Reputation: 61
I have a array of string called tags in my hive table. I want to join each element from this array with a ',' delimiter and form a string. However, while joining I don't want to join the string if it doesn't include ':' character in it.
The reason I want to do this is, once string is joined, it should become, a:1,b:2,c:3. Then I want to apply str_to_map to make it a dictionary. Right now my str_to_map is failing if input doesn't include ':' in even of the elements.
Minimum input to fail: ["abc-xyz-1"]
SELECT
CAST(SPLIT(hostname, '-')[1] AS BIGINT) AS host_id,
str_to_map(concat_ws(',', tags)) AS tags,
stack_trace
FROM test_events;
Upvotes: 0
Views: 258
Reputation: 35563
I would suggest "exploding" the array data into separate rows, which allows use of an IF on each element inside the concat_ws. Like this (untested code):
SELECT
CAST(SPLIT(hostname, '-')[1] AS BIGINT) AS host_id,
str_to_map(concat_ws(',',
IF(instr(tag, ':') > 0, tag, NULL)
)) AS tags,
stack_trace
FROM test_events
LATERAL VIEW explode(tags) exploded_tags AS tag
GROUP BY CAST(SPLIT(hostname, '-')[1] AS BIGINT), stack_trace;
refs: lateral view & explode
I have to admit, not entirely sure if the group by is needed, but I have assumed it is.

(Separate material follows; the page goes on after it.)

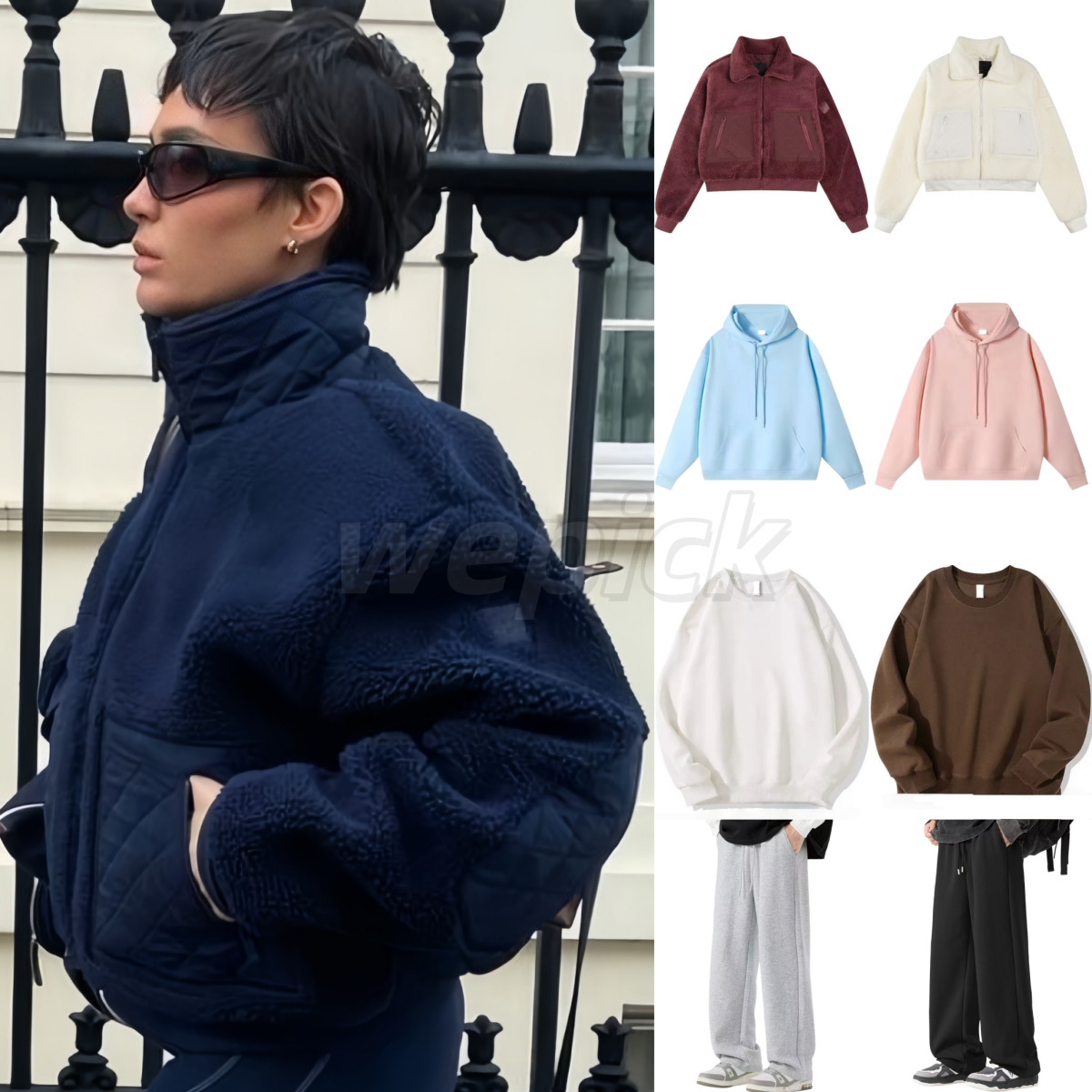 2026 Hot Sale Lamb fur Fur-lined warm coat Breathable Casual Pullover Gym Comfortable Hoodie Designer Bag Sports Pant aloliness Women Clothes Coats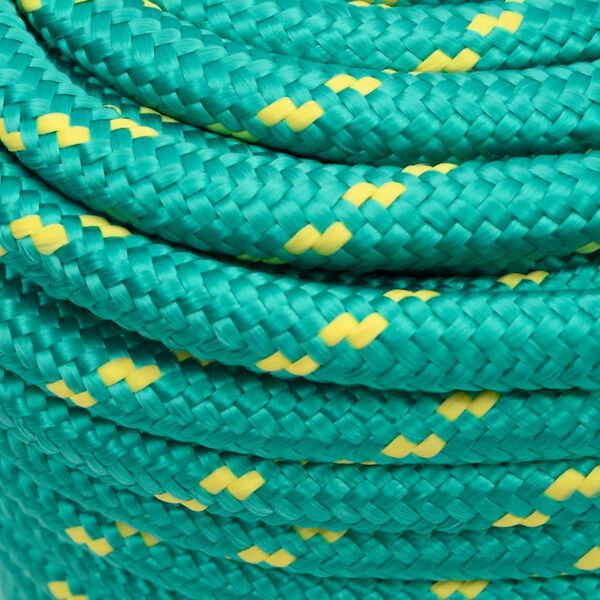 vidaXL Corda de barco 18 mm 25 m polipropileno verde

I suggest experimentation with this snippet:
SELECT hostname, stack_trace, tag
FROM test_events
LATERAL VIEW explode(tags) exploded_tags AS tag
WHERE instr(tag, ':') > 0
Should avoid the tags without the ":", and if you change the where clause you could locate the tags that are non-compliant.
Upvotes: 0